La setticemia è una delle infezioni più pericolose al mondo che mette a rischio la vita. Ricercatori scoprono un nuovo modo per prevenire i sintomi.

La setticemia è una delle infezioni più pericolose al mondo che mette a rischio la vita. Importante è la tempestività nella diagnosi e la cura, ogni sei ore di ritardo nella diagnosi, corrispondono a una riduzione del 10% delle possibilità di guarigione. Secondo una ricerca effettuata della Harvard Medical School di Boston, negli USA, ci si può accorgere della presenza dell’infezione prima della manifestazione dei sintomi. Come? Approfondiamo.

La diagnosi di laboratorio

La ricerca effettuata della Harvard Medical School di Boston, negli USA, è stata pubblicata nella prestigiosa rivista scientifica “Plos One“.

I ricercatori hanno preso in considerazione i neutrofili (specifiche cellule del sistema immunitario il cui compito principale è quello di attaccare in maniera precisa e infallibile gli agenti patogeni che penetrano all’interno dell’organismo).

Il dottor Daniel Irimia, uno dei ricercatori coinvolti nella ricerca, ha ricordato che “i neutrofili sono una componente del sistema immunitario. Ogni individuo sano possiede un esercito di 25 miliardi di queste cellule circolanti pronti a combattere gli agenti patogeni. Il test del sangue più diffuso per valutare la capacità del paziente di combattere le infezioni è la conta assoluta dei neutrofili. Ciò si basa sul presupposto che, come soldati ben addestrati, i neutrofili agiscano in maniera veloce ed efficace“.

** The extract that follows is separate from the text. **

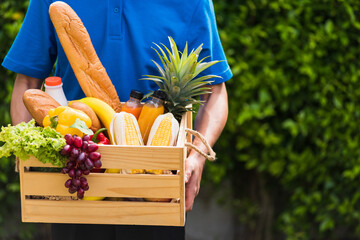 Asian man farmer wears delivery uniform he holding full fresh vegetables and fruits in crate wood box in hands ready give to customer harvest organic food on the garden place green leaves background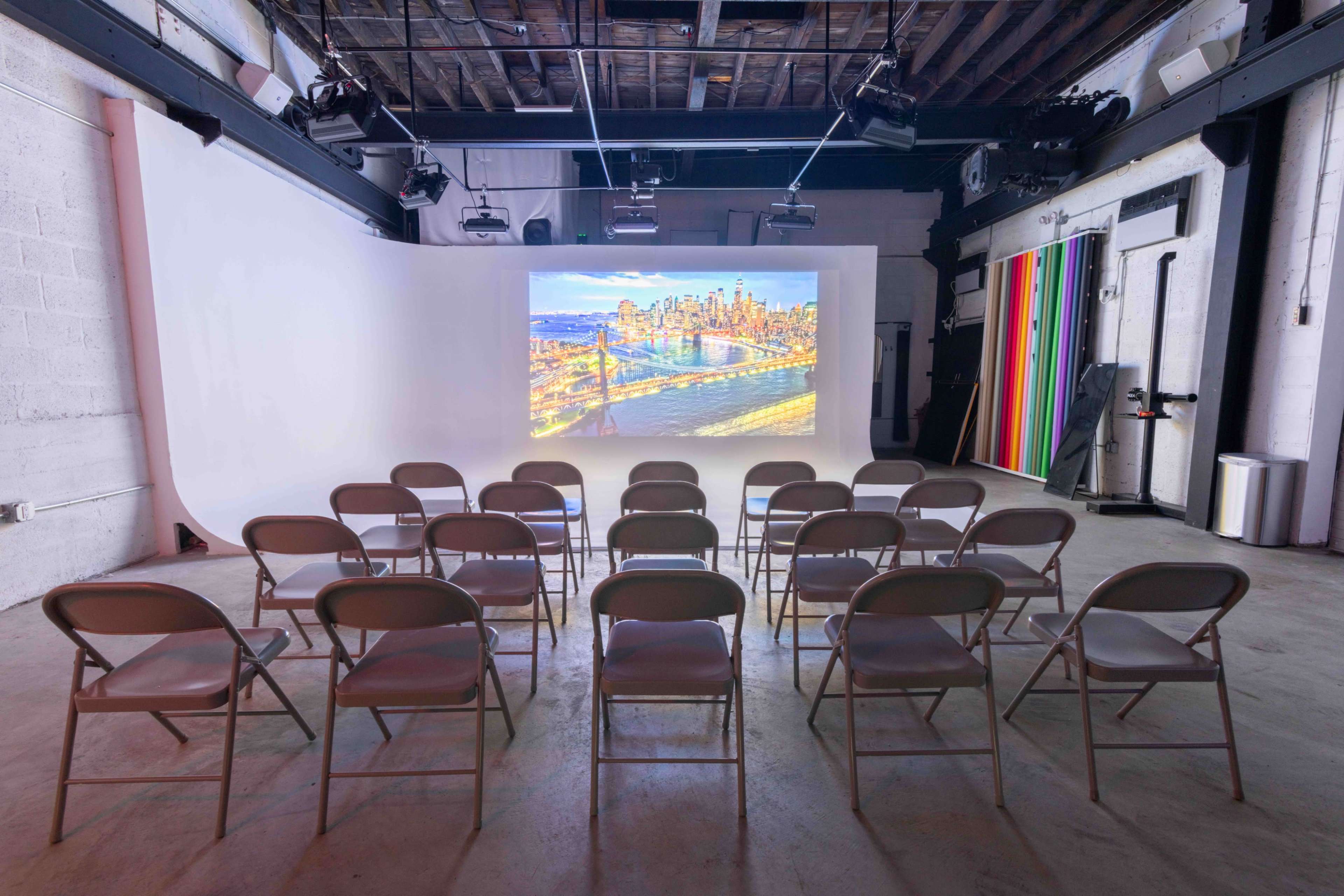 The image shows a room set up with rows of folding chairs facing a large projection screen displaying a city skyline.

Per svolgere la loro funzione primaria, i neutrofili devono essere capaci di muoversi in maniera efficace e accurata. In caso di pazienti gravi ustionati, i ricercatori si sono resi conto che questa capacità era deficitaria già un paio di giorni prima dell’insorgere dell’infezione: i neutrofili, infatti, cominciavano a muoversi in maniera scoordinata, visibilmente casuale e dunque completamente inefficace.

Questo cosa vuol dire? Che monitorando il movimento dei neutrofili si può curare la setticemia per tempo prima che si sviluppano i sintomi clinici fino a 48 ore prima.

Questa ricerca è molto importante perché i sintomi iniziali della setticemia sono aspecifici e sono difficilmente identificabili perché simili a quelle di altre infezioni.

In questo caso, quindi, la diagnosi è di laboratorio e molte persone potranno essere salvate da una morte quasi certa.